As I reach back into the dark corners of my mind, I vaguely remember something from one of my “How to Be a Teacher in Two Semesters or Less” classes about there being different learning styles and preferences. Some people are audio learners, some visual, others are hands on, and some do best in groups while others are better working alone. Personally, I did reasonably well following the standard college learning model – let’s call it 15 hours of weekly lecture followed by independent study and reading time. In my worst semester, on my worst day, I never had more than four hours of lectures scheduled on any 24 hour period. Even those four hour days were punctuated with breaks, lunch, and assorted other gaps. I would have gouged out my eyes with a #2 pencil if I had needed to sit through 4 hours of uninterrupted talking.

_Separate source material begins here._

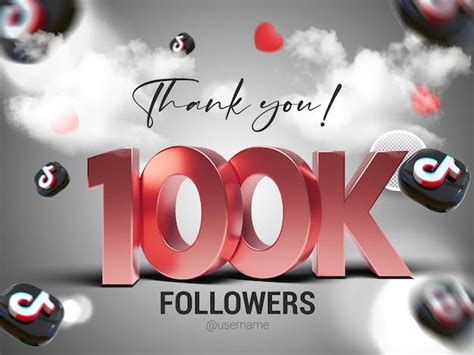 Premium PSD Thank You 100k Followers On TikTok PSD Social Media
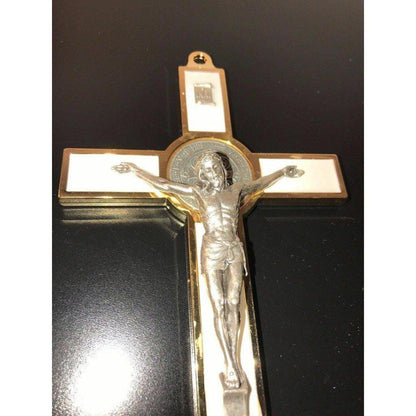 White 7.5" St. Benedict Cross Crucifix -Exorcism -Saint -Blessed -San Benito | Catholically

Of all the dry, dull, and occasionally pointless classes you take as part of a major in the humanities, I never recall sitting in any classroom for eight hours at a stretch going blind on hundreds of PowerPoint slides. The reason for that is most likely because it’s a really shitty methodology for almost everyone involved, up to and including the instructor(s). No matter how engaging the material, there’s a very real limit to how much the average human brain is going to absorb in any one sitting. Everything else is runoff, or more diplomatically it’s simply “exposure” rather than actual learning. There’s nothing intrinsically wrong with exposure, of course, as long as you admit that’s what you’re doing up front and don’t expect to much return on investment in the end.